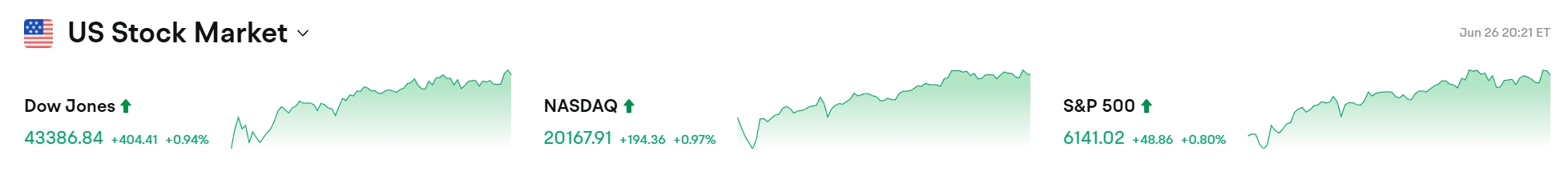 Bitget每日早报(6.27)|美联储高官打击降息预期;灰度Q3 Top20名单调仓:AVAX、MORPHO入榜,LDO、OP出局 image 1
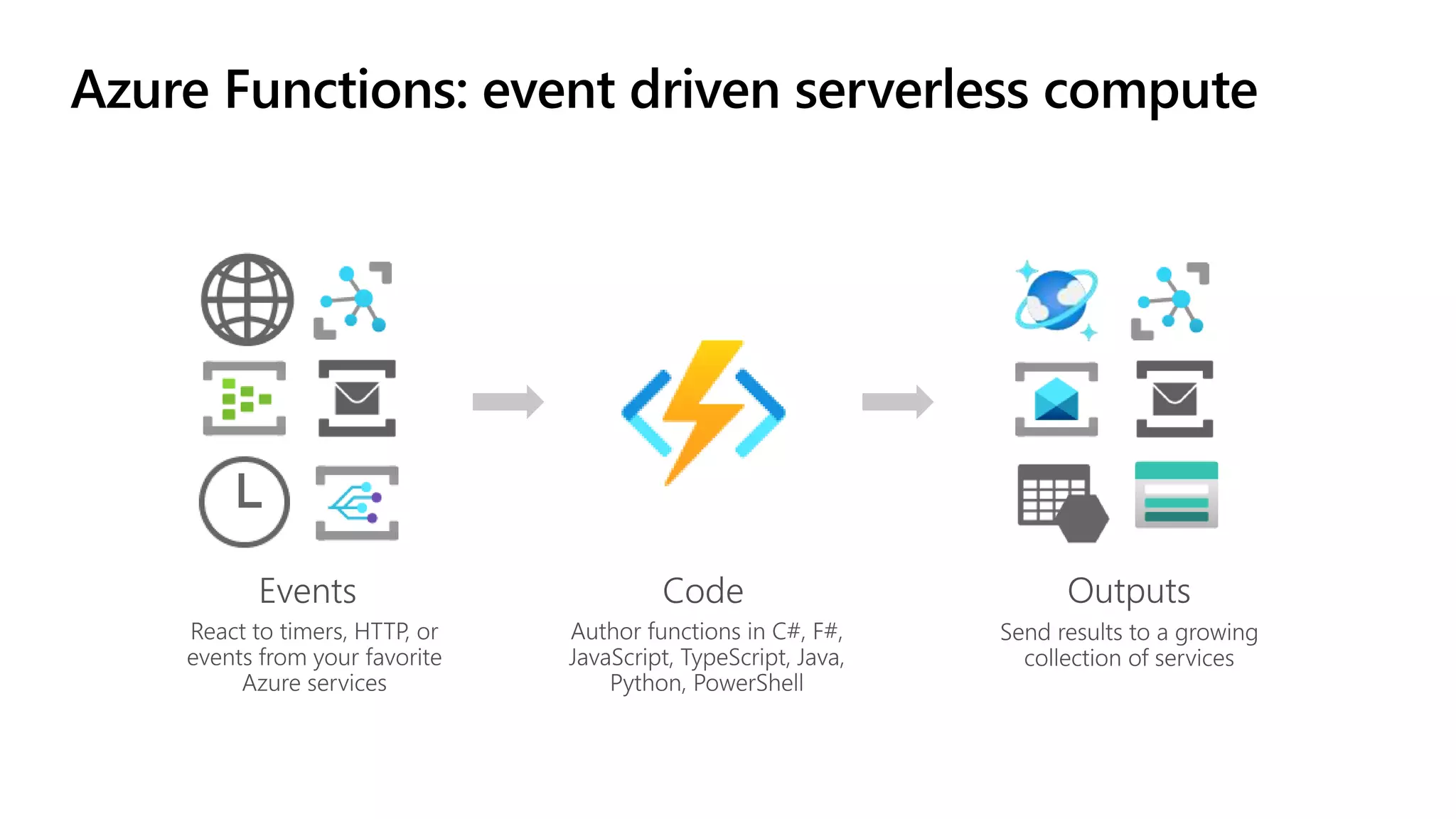 Azure Functions: event driven serverless compute 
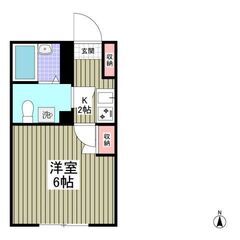 🌻入居費用13万円🌻】✨審査No.1✨ 🔥京成本線「千住大橋」駅...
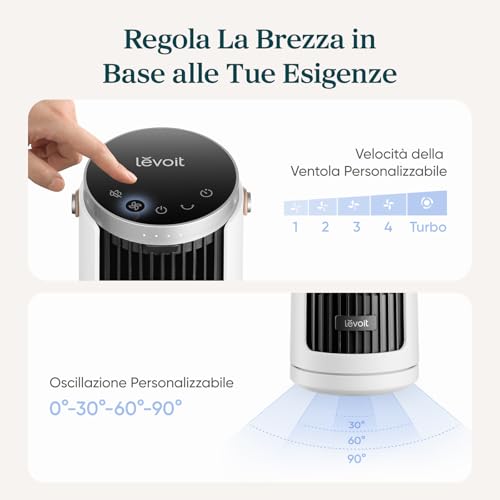 Levoit Windi Mini Ventilatore a Torre Compatto, Motore DC, Ventilatore più Silenzioso da 20dB, Raffreddamento 7m/s, Ventilatore da Tavolo con 5 Velocità, Oscillazione 90°, Timer 12 ore, Telecomando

________________________________________

PROBLEM DESCRIPTION
Where pictures appear, skip them and transcribe all other material word for word.

PROBLEM SOLUTION
 Bitget每日早报(6.27)|美联储高官打击降息预期;灰度Q3 Top20名单调仓:AVAX、MORPHO入榜,LDO、OP出局 image 1
 Azure Functions: event driven serverless compute 
 🌻入居費用13万円🌻】✨審査No.1✨ 🔥京成本線「千住大橋」駅...
 Levoit Windi Mini Ventilatore a Torre Compatto, Motore DC, Ventilatore più Silenzioso da 20dB, Raffreddamento 7m/s, Ventilatore da Tavolo con 5 Velocità, Oscillazione 90°, Timer 12 ore, Telecomando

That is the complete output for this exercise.